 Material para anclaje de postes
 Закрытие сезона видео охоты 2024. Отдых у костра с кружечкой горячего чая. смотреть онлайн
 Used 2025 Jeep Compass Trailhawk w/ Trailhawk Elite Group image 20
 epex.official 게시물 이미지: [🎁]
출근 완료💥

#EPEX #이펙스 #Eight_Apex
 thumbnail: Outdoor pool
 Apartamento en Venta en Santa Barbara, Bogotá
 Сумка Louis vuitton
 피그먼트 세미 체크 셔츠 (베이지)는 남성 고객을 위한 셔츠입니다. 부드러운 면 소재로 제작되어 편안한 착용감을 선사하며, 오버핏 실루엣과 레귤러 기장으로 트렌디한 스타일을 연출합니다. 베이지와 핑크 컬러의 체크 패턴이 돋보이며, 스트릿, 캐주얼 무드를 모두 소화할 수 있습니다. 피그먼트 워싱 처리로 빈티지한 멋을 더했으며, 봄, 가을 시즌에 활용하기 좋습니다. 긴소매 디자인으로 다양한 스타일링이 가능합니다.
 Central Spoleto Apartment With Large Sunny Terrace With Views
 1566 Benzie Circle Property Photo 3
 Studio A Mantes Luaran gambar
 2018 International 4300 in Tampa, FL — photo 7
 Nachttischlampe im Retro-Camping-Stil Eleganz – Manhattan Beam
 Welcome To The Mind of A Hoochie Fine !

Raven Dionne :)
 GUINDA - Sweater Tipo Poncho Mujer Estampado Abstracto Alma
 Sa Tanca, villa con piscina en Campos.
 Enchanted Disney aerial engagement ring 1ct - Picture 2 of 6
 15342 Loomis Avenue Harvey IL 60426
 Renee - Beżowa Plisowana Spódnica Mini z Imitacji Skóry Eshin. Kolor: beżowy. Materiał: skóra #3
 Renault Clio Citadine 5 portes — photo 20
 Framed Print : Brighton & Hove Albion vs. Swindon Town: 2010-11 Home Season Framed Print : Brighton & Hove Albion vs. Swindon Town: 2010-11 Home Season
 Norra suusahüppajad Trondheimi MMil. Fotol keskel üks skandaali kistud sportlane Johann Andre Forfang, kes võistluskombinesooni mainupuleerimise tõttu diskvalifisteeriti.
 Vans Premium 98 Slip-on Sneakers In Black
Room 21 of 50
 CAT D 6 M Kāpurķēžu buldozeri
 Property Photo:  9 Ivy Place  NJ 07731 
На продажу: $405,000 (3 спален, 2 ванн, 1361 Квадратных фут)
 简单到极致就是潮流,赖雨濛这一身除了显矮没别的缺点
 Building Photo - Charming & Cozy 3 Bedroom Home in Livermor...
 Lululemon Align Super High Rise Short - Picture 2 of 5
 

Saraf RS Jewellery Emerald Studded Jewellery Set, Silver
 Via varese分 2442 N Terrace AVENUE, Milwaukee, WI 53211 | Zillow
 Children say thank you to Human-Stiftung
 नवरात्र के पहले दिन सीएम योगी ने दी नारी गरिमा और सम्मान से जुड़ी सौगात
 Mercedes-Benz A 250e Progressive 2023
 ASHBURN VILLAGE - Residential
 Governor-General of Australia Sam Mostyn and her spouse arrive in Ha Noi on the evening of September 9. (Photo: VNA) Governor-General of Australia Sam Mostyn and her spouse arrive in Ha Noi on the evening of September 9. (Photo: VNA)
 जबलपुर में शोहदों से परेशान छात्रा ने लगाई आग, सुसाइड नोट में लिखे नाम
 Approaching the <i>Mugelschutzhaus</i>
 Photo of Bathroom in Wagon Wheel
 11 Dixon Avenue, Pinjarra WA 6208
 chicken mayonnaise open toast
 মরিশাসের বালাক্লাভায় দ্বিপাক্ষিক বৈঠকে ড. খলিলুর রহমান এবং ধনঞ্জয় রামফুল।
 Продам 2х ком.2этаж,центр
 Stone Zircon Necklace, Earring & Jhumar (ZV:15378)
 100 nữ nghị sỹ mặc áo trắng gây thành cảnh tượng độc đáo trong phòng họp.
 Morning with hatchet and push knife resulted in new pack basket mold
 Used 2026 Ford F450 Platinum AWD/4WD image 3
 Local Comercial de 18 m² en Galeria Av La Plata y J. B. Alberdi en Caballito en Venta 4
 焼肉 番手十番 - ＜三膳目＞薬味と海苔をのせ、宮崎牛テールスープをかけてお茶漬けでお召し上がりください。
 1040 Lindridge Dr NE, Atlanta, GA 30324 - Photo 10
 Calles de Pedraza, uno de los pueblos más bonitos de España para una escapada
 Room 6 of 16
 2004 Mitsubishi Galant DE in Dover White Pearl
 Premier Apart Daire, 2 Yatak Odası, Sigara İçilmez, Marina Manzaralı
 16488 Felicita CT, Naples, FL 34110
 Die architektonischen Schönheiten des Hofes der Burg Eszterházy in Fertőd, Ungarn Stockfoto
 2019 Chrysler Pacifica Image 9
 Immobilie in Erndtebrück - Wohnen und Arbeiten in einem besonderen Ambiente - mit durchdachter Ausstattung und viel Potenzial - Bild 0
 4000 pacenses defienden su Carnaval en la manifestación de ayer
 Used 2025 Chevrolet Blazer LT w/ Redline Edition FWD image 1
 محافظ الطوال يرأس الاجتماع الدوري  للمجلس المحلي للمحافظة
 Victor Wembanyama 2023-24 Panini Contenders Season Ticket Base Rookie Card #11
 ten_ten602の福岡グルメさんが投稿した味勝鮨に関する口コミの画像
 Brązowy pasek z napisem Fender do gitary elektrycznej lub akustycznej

**Instructions to follow:**
Please output exactly the lines between the one holding "Renee - Beżowa" and the one holding "Home Season Framed" in the records above, inclusive, and nothing more.

**Answer to the problem:**
 Renee - Beżowa Plisowana Spódnica Mini z Imitacji Skóry Eshin. Kolor: beżowy. Materiał: skóra #3
 Renault Clio Citadine 5 portes — photo 20
 Framed Print : Brighton & Hove Albion vs. Swindon Town: 2010-11 Home Season Framed Print : Brighton & Hove Albion vs. Swindon Town: 2010-11 Home Season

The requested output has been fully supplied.